### Task to carry out:
Once you find the line with "Preview wallpaper man, silhouette, alone, stairs, climb, dark" in the data that follows, repeat it and every line after it exactly, through the line with "uma banheira na".

Brief descriptive captions:
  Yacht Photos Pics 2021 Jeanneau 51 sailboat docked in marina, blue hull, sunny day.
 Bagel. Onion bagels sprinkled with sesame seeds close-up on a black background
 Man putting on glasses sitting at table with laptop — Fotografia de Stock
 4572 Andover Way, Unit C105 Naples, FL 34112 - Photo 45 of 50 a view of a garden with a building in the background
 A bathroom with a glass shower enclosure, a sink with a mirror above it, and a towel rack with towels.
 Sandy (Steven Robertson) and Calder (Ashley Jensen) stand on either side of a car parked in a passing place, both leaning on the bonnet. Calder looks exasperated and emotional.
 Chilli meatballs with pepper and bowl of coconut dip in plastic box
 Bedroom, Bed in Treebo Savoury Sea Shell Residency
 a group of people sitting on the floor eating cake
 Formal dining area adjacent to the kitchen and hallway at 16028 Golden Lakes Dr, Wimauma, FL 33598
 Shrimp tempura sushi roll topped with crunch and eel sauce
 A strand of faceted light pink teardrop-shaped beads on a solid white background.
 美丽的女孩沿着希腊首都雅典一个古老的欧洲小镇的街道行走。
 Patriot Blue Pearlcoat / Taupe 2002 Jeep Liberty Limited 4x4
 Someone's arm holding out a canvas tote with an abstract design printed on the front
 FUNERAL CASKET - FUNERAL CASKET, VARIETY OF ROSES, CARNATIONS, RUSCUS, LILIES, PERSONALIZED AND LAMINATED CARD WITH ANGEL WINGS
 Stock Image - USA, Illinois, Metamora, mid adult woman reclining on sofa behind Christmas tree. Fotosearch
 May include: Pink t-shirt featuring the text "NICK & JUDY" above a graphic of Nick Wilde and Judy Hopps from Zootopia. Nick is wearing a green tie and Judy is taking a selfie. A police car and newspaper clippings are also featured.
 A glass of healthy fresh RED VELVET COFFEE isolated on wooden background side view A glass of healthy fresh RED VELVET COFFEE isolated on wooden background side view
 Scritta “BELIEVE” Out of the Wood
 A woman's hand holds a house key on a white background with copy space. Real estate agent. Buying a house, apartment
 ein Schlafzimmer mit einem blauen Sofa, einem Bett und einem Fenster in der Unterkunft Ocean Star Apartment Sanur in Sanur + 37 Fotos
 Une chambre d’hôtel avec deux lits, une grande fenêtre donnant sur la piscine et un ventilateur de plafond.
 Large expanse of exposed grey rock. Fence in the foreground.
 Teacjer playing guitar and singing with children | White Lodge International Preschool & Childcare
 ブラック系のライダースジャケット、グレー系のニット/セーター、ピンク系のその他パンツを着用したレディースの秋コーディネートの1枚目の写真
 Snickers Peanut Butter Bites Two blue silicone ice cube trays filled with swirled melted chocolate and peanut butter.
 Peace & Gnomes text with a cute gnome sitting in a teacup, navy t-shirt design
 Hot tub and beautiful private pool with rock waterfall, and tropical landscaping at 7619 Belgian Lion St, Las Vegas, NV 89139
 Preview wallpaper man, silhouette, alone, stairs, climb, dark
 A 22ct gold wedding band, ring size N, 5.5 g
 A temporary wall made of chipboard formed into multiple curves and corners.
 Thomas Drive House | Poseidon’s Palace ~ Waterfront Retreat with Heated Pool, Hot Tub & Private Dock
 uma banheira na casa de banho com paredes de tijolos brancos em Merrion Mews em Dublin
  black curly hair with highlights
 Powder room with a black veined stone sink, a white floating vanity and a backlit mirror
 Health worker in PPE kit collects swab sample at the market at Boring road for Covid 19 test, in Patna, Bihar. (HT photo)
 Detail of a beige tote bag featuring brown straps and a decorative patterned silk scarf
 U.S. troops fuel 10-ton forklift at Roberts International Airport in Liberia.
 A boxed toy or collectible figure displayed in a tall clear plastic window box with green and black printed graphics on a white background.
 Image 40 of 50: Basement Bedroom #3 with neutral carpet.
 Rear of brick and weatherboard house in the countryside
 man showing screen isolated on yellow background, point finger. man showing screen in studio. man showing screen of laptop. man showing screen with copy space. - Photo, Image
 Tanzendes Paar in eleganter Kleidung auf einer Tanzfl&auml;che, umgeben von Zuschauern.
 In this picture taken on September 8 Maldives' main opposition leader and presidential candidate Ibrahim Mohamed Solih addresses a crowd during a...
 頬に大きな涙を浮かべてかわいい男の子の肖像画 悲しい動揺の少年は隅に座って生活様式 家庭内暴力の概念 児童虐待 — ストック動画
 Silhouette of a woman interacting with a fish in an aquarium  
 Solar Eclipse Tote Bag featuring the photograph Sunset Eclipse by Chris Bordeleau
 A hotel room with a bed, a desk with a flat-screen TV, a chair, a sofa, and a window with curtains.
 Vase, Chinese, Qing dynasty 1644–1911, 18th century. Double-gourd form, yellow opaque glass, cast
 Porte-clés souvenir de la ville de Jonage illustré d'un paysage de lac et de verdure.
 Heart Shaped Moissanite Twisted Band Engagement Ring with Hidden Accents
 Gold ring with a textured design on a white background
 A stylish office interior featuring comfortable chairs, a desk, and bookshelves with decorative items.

### Exercise answer:
 Preview wallpaper man, silhouette, alone, stairs, climb, dark
 A 22ct gold wedding band, ring size N, 5.5 g
 A temporary wall made of chipboard formed into multiple curves and corners.
 Thomas Drive House | Poseidon’s Palace ~ Waterfront Retreat with Heated Pool, Hot Tub & Private Dock
 uma banheira na casa de banho com paredes de tijolos brancos em Merrion Mews em Dublin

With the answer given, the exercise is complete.